## YOUR INSTRUCTIONS
Copy word for word, please, the lines of the entries below running from the one containing "Quoizel ABR1714MBK Three" to the one containing "Emile Galle French", both ends included.

## AVAILABLE DATA
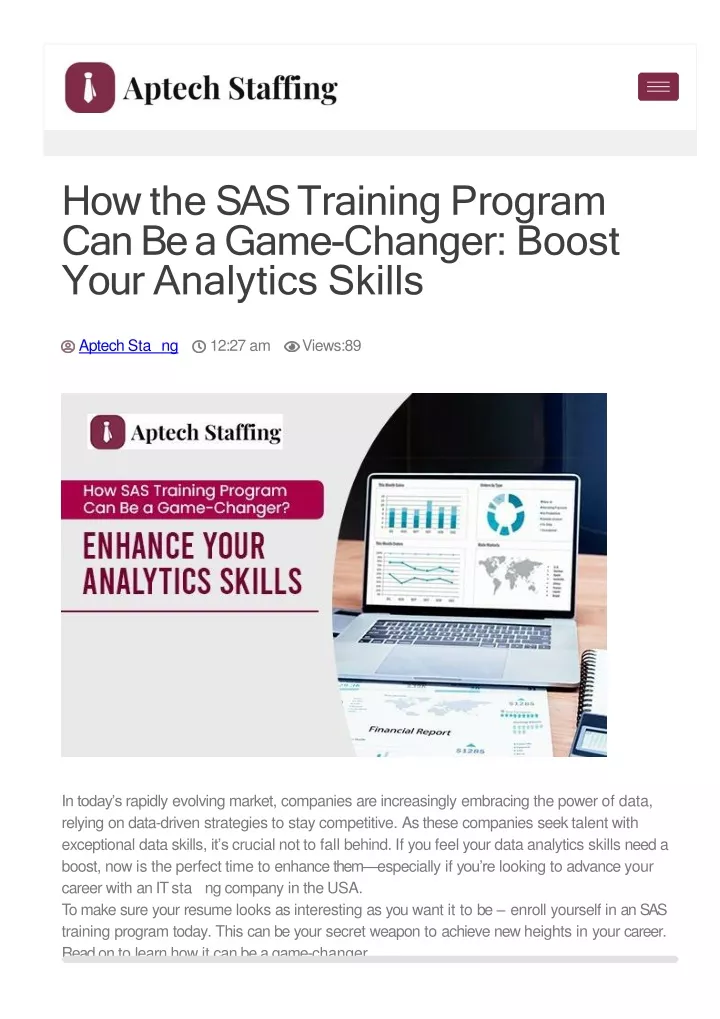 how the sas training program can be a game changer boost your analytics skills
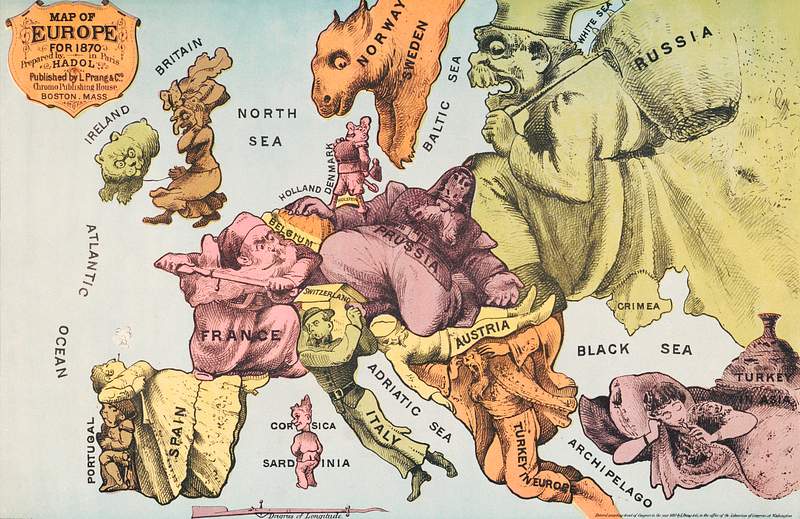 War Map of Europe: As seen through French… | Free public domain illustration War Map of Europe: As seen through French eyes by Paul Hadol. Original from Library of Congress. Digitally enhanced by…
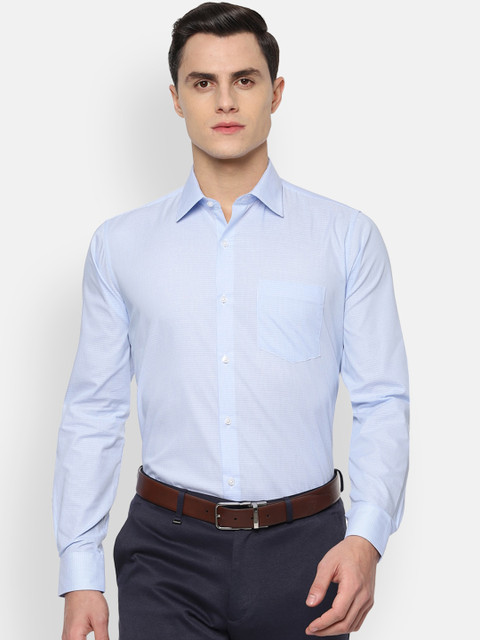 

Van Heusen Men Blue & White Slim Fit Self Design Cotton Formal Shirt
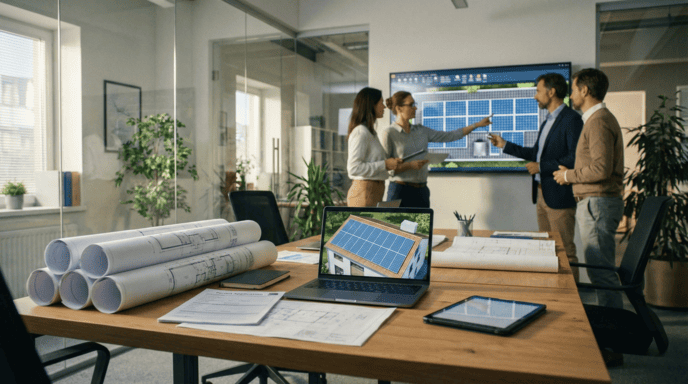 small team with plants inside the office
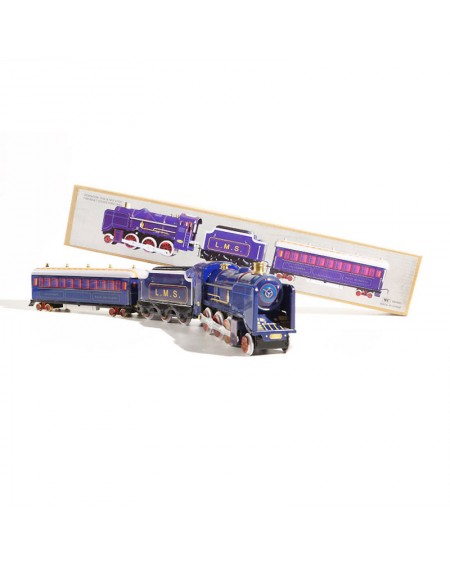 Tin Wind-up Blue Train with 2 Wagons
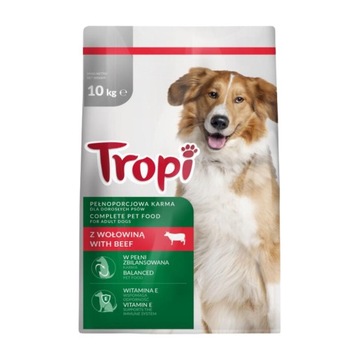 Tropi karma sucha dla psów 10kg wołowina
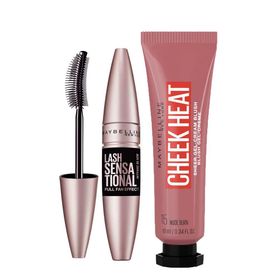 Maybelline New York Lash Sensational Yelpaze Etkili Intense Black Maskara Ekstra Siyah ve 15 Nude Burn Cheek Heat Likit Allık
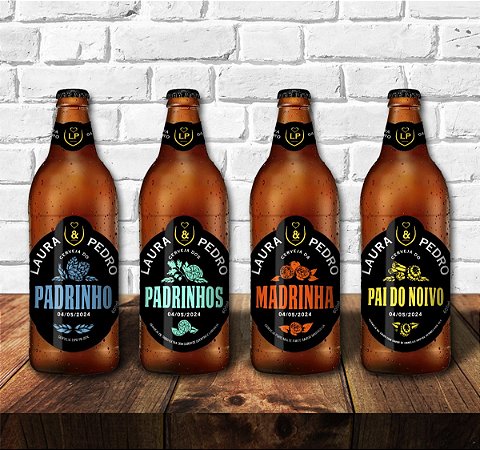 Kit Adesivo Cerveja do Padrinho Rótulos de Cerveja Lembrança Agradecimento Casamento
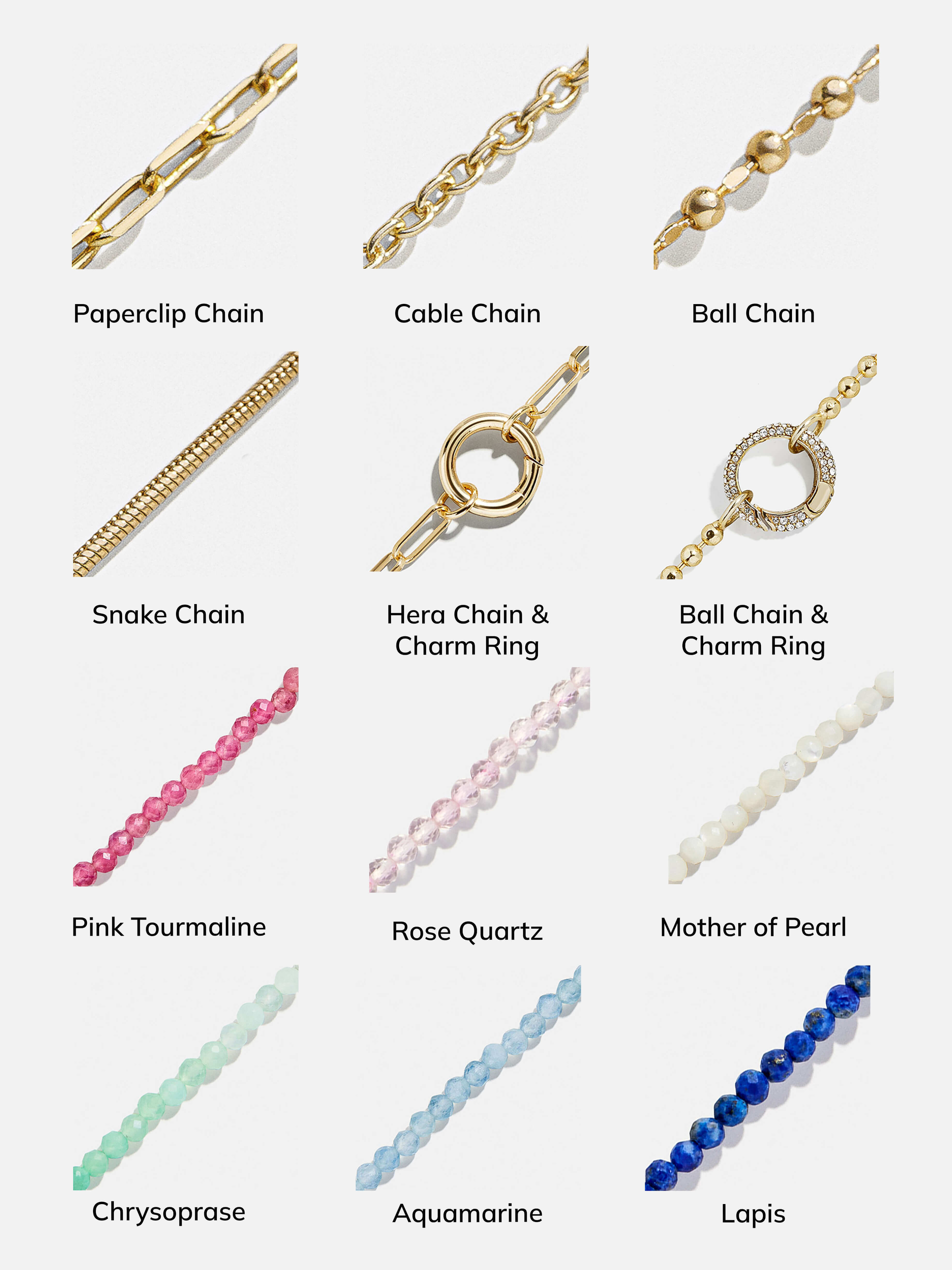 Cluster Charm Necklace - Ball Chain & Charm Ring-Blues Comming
* * *
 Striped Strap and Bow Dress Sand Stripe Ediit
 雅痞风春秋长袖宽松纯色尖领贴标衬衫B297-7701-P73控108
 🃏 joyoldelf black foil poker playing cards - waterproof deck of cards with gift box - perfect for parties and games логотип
--
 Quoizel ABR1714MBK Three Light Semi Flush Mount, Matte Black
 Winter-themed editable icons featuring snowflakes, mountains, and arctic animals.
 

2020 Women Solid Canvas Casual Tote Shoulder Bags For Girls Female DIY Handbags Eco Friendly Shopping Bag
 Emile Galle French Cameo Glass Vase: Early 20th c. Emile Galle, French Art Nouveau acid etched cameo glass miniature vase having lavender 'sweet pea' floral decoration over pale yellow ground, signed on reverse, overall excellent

## WRITTEN RESPONSE
 Quoizel ABR1714MBK Three Light Semi Flush Mount, Matte Black
 Winter-themed editable icons featuring snowflakes, mountains, and arctic animals.
 

2020 Women Solid Canvas Casual Tote Shoulder Bags For Girls Female DIY Handbags Eco Friendly Shopping Bag
 Emile Galle French Cameo Glass Vase: Early 20th c. Emile Galle, French Art Nouveau acid etched cameo glass miniature vase having lavender 'sweet pea' floral decoration over pale yellow ground, signed on reverse, overall excellent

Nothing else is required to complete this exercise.